[Source material Boundary: Start]

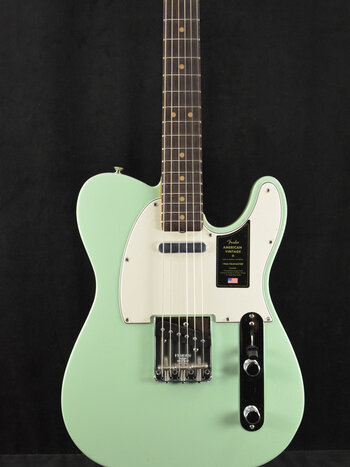 Fender Fender American Vintage II 1963 Telecaster Surf Green Rosewood Fingerboard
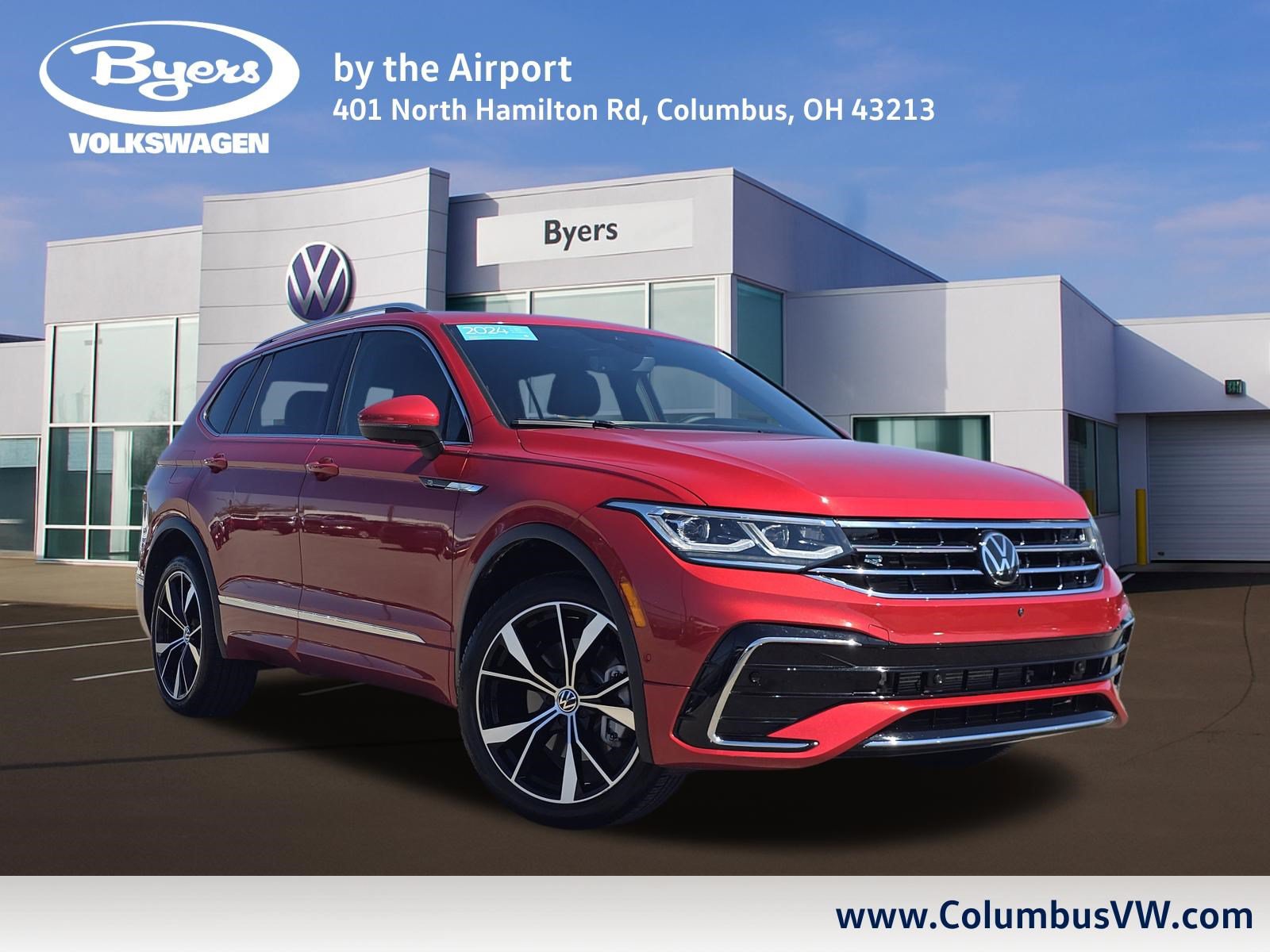 Certified 2024 Volkswagen Tiguan SEL R-Line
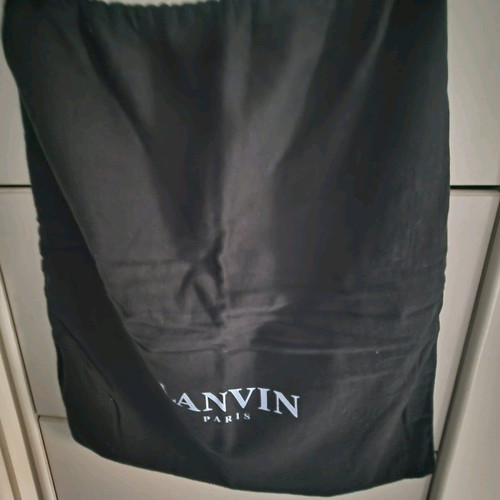 Lanvin large storage dust bag like new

[Source material Boundary: End]

- Task goal
Each line of the data above needs to be retyped as it is, without any picture.

- Solution
 Fender Fender American Vintage II 1963 Telecaster Surf Green Rosewood Fingerboard
 Certified 2024 Volkswagen Tiguan SEL R-Line
 Lanvin large storage dust bag like new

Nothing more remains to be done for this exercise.